#### Source material
*** Begin section ***
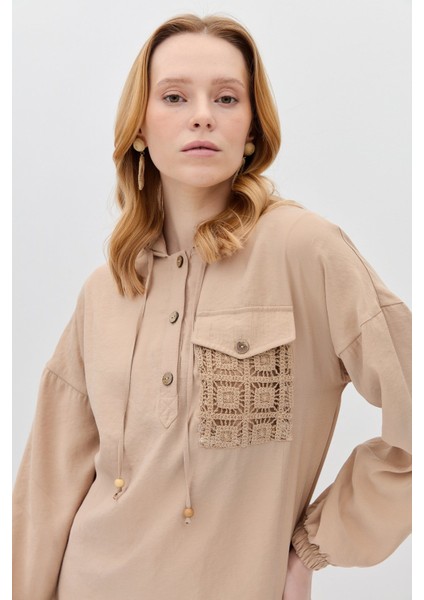 Brode Detaylı Pantolon Tunik Takım Bej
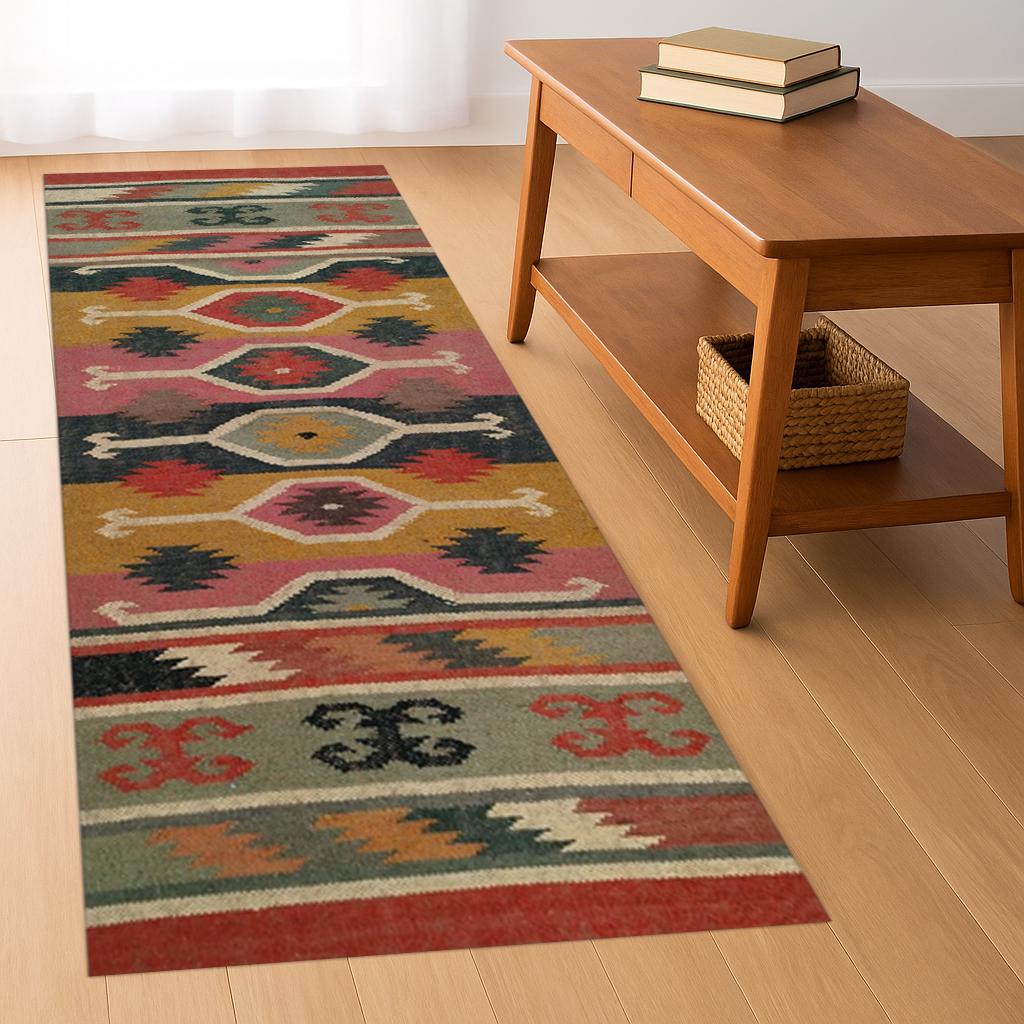 Traditional Indian jute Area rug, Handwoven, Wool and Jute Rug Handmade, Multicolor Jute Rug wool rug Dhurrie traditional , Custom Runner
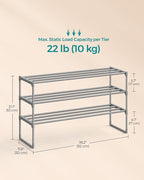 SONGMICS Shoe Rack, 3-Tier Shoe Organizer, Metal Storage Shelf | for Entryway, Upright or Upside Down, for 16-20 Pairs, Stackable, 11.8 x 36.2 x 21.7 Inches, Gray ULSA303G01 - Image 3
*** End section ***
#### Problem details
Please repeat the listing precisely, excluding the pictures it contains.

#### Result for this task
 Brode Detaylı Pantolon Tunik Takım Bej
 Traditional Indian jute Area rug, Handwoven, Wool and Jute Rug Handmade, Multicolor Jute Rug wool rug Dhurrie traditional , Custom Runner
 SONGMICS Shoe Rack, 3-Tier Shoe Organizer, Metal Storage Shelf | for Entryway, Upright or Upside Down, for 16-20 Pairs, Stackable, 11.8 x 36.2 x 21.7 Inches, Gray ULSA303G01 - Image 3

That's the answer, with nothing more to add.